Concept: Establishing end-to-end artifact management and deployment flows — from source code commit to a verified, immutable artifact stored in a registry and ready for promotion across environments.

In the Terraform Codebase: The CI pipelines defined in trigger.tf interface directly with Artifact Registry, storing immutable container images securely before deployment. The google_cloudbuild_trigger resource defines a pipeline that automatically builds the container image and pushes it to Artifact Registry upon changes to the connected repository.

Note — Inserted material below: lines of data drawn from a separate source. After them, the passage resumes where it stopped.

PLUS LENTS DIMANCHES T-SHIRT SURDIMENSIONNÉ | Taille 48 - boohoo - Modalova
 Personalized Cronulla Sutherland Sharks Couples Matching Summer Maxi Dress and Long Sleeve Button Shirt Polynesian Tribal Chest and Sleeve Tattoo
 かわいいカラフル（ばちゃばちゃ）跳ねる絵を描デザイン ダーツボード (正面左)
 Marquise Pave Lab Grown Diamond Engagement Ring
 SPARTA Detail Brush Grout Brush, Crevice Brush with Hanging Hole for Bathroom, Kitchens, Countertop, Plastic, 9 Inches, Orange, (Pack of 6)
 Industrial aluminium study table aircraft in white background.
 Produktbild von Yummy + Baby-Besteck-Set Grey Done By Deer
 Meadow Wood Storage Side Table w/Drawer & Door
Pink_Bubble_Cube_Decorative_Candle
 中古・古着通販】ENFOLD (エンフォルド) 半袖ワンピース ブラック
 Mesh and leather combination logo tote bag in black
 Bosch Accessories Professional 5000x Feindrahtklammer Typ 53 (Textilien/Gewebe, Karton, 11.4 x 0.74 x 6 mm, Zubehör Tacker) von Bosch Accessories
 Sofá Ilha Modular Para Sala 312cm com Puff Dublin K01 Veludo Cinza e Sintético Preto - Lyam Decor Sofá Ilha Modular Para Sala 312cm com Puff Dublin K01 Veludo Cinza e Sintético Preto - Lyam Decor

Key design decisions visible in the codebase:

  • Immutable image tagging: Images are tagged with $COMMIT_SHA — a content-addressed, immutable identifier tied to the exact source commit. This ensures full traceability: given any running container, you can identify the exact commit that produced it.
  • Kaniko for secure builds: The build step uses Kaniko (gcr.io/kaniko-project/executor), which builds container images inside a standard container without requiring privileged mode or a Docker daemon socket. This is the recommended pattern for Cloud Build because it is more secure than Docker-in-Docker approaches.
  • Artifact Registry over Container Registry: Images are stored in Artifact Registry (the successor to Container Registry), which provides regional storage, fine-grained IAM, format support beyond Docker (Maven, npm, Python), and integrated vulnerability scanning via Artifact Analysis.
  • Vulnerability scanning: Artifact Analysis automatically scans images pushed to Artifact Registry for known CVEs. Build pipelines can be configured to query scan results and fail the build if vulnerabilities above a severity threshold are found.

Console Exploration:

  1. Open modules/App_CloudRun/trigger.tf. Review the google_cloudbuild_trigger.cicd_trigger resource block. Note how the build step configures Kaniko to build and push the image to Artifact Registry using the destination pattern $${_IMAGE_REGION}-docker.pkg.dev/$${_PROJECT_ID}/$${_REPO_NAME}/$${_IMAGE_NAME}:$${COMMIT_SHA}.
  2. Navigate to Cloud Build > Triggers in the GCP Console. Inspect the trigger configuration — observe the connected repository, the branch filter, and the build configuration file path.
  3. Navigate to Artifact Registry > Repositories. Locate the repository created for the application and view the stored images. Click an image digest to view its vulnerability scan results and, if enabled, its SLSA provenance attestation.
  4. Navigate to Cloud Build > History. Click a recent build to view the step-by-step execution log. Observe the BUILD step (Kaniko image build) and the PUSH step (image upload to Artifact Registry).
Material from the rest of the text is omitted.